Publishing an app costs $99 per year on the Apple App Store (the Apple Developer Program fee) and a one-time $25 on the Google Play Store. The Amazon Appstore is free to register. On top of those account fees, Apple and Google take a 15–30% commission on paid apps and in-app purchases (15% for developers under $1M/year via their Small Business Programs). Realistically, a small startup’s true first-year cost to get an app live — account, certificates, store assets, design and compliance — lands around $2,500–$8,000, before the app build itself. This guide, from the team at Impex Infotech, a website development company in Rajkot, India, breaks it all down. Figures in USD.

🎯 Key Takeaways
  • Account fees are small: Apple $99/year, Google Play $25 once, Amazon free.
  • Commission is the real cost: 15–30% of revenue — but the 15% Small Business rate covers most new apps.
  • Free apps pay no commission — fees only apply when you sell the app or digital goods through the store.
  • Budget beyond the fee: a Mac for iOS builds, certificates, store graphics, ASO and compliance add up to a few thousand dollars in year one.
  • 2026 brought change: EU DMA options, US external-payment links, and new iOS 26 SDK / Android API requirements all affect launch.
  • Impex Infotech handles the full build-to-store process for clients across India, Australia and the USA.

The App Store and Google Play are where almost every mobile app meets its audience — so before you launch, you need a clear picture of what it actually costs to get in. The good news: the store fees themselves are modest. The costs that surprise founders are the commissions on revenue and the practical expenses around a proper launch.

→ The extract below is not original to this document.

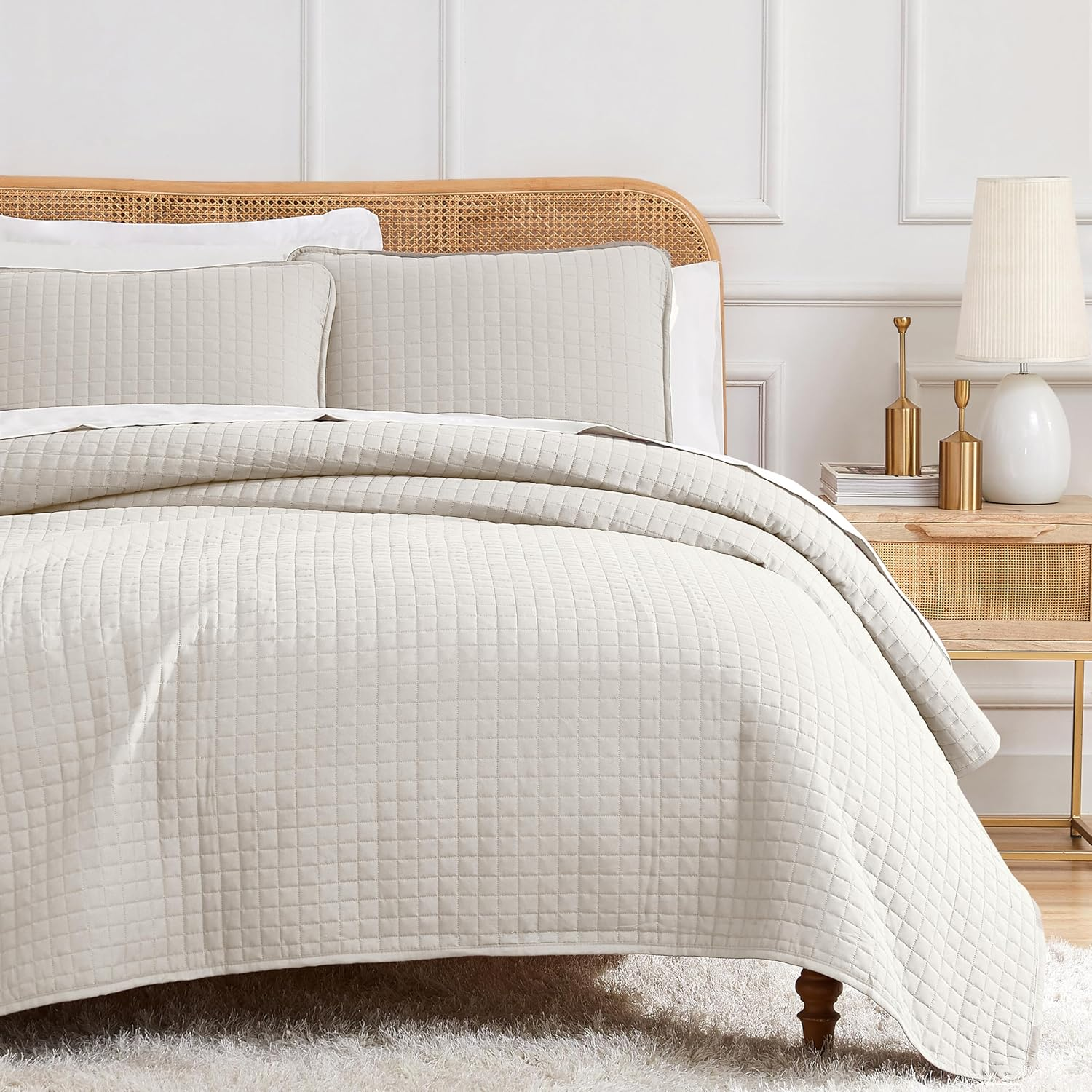 Southshore Fine Living, Inc. Oversized King Quilt Bedding Set, Soft Brushed Microfiber, Wrinkle-Free, Stain and Pet Hair Resistant Bedding, California/King Size Quilt Coverlet Set W/2 Shams, Cream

This guide covers all of it: the exact publishing fees for Apple, Google and Amazon; the commission structure and its 2026 changes; the hidden costs that pad a real launch budget; the step-by-step process to publish on both major stores; and how to keep your costs down. Whether you’re launching your first app or your fifth, you’ll be able to budget with confidence. If you’d rather hand the whole process to a team, our app developers take care of build, submission and approval end to end.

It’s worth keeping perspective on why this matters. Getting listed is the moment your app becomes a real product with real customers — and the store you choose, the fees you pay and the commission tier you land in all feed directly into your business model. A few smart decisions here (free vs paid, which stores to target, which commission program to join) can be worth far more than the account fee itself.

01App Store Publishing Fees Compared

Here are the three major app stores side by side — account fee, commission and typical review time at a glance.

Apple App Store
$99per year (Developer Program)
  • Commission: 15–30%
  • Model: recurring annual
  • Review time: ~24 hours
  • Enterprise: $299/year (in-house)
  • Free apps: no commission
Google Play
$25one-time registration
  • Commission: 15–30%
  • Model: pay once, keep forever
  • Review time: 2–7 days
  • Subs: 15% from day one
  • Free apps: no commission
Amazon Appstore
Freedeveloper registration
  • Commission: up to 30%
  • Model: no account fee
  • Review time: ~1–3 days
  • Reach: Fire tablets + Android
  • Free apps: no commission
StoreAccount feeCommissionTypical review time
Apple App Store$99 / year15–30%~24 hours
Google Play$25 one-time15–30%2–7 days
Amazon AppstoreFreeup to 30%1–3 days

02Fee Breakdown by Store

Apple App Store — $99/year

To publish on the App Store you need an active Apple Developer Program membership, which costs $99 per year for both individuals and organisations. It’s a recurring fee — miss the renewal and your apps are removed from sale until you pay again. There’s also an Apple Developer Enterprise Program at $299/year, but that’s only for distributing internal apps to your own employees, not for the public store. Once your app is submitted, Apple reviews it — 90% of submissions are reviewed within about 24 hours, though a complex or flagged app can take longer.

Google Play — $25 one-time

Google Play is refreshingly simple: a one-time $25 registration fee for a developer account, and that’s it — no annual renewal, no per-app or per-update charge. Google Play is the world’s largest app store by volume, with millions of listings, so it’s the default route to the vast Android audience. Review typically takes 2–3 days, occasionally up to a week for apps that need extra scrutiny.

Amazon Appstore — free

The Amazon Appstore charges no registration fee — you can sign up as a developer and publish for free. Amazon takes a commission (up to 30%) on paid sales, and its store reaches Fire tablets as well as Android devices. It’s a useful secondary channel, especially if your audience uses Amazon’s hardware, though its reach is smaller than Apple’s or Google’s.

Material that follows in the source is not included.